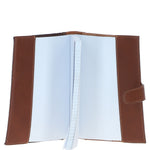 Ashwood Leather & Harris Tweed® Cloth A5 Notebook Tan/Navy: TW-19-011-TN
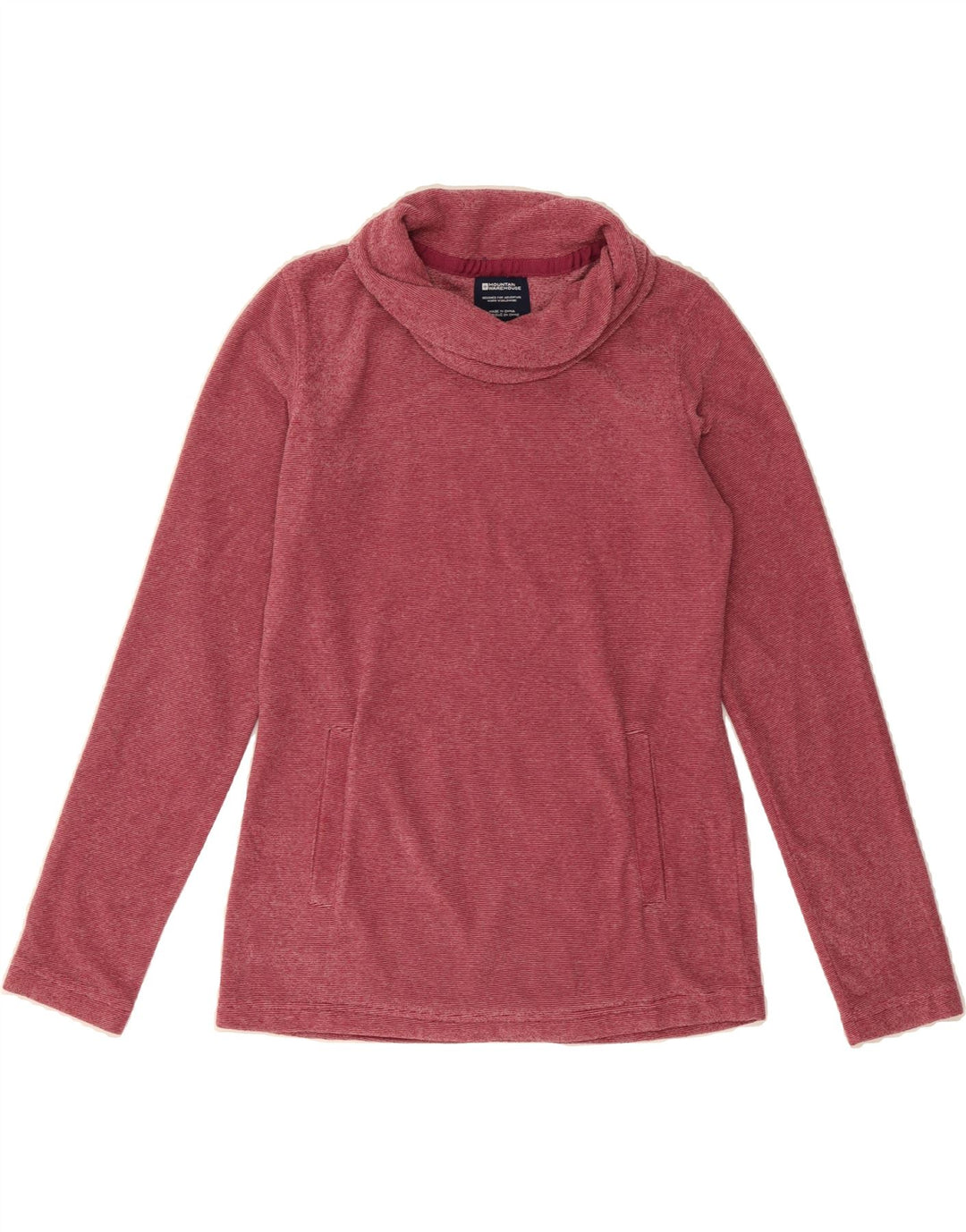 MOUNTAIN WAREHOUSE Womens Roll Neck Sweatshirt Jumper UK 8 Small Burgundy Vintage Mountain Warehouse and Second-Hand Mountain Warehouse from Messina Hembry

══════════════════════════════

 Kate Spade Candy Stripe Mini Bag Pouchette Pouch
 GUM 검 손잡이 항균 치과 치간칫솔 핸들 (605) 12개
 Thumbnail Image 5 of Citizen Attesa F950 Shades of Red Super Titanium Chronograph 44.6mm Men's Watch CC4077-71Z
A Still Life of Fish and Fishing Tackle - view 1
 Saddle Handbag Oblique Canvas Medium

══════════════════════════════

> [Required action] Where the listing above reaches the line that contains "GUM 검 손잡이 항균 치과 치간칫솔 핸들 (605) 12개", start retyping, and finish with the line that contains "Saddle Handbag Oblique Canvas Medium"; reproduce those lines exactly and no others.

> [Exercise result]
 GUM 검 손잡이 항균 치과 치간칫솔 핸들 (605) 12개
 Thumbnail Image 5 of Citizen Attesa F950 Shades of Red Super Titanium Chronograph 44.6mm Men's Watch CC4077-71Z
A Still Life of Fish and Fishing Tackle - view 1
 Saddle Handbag Oblique Canvas Medium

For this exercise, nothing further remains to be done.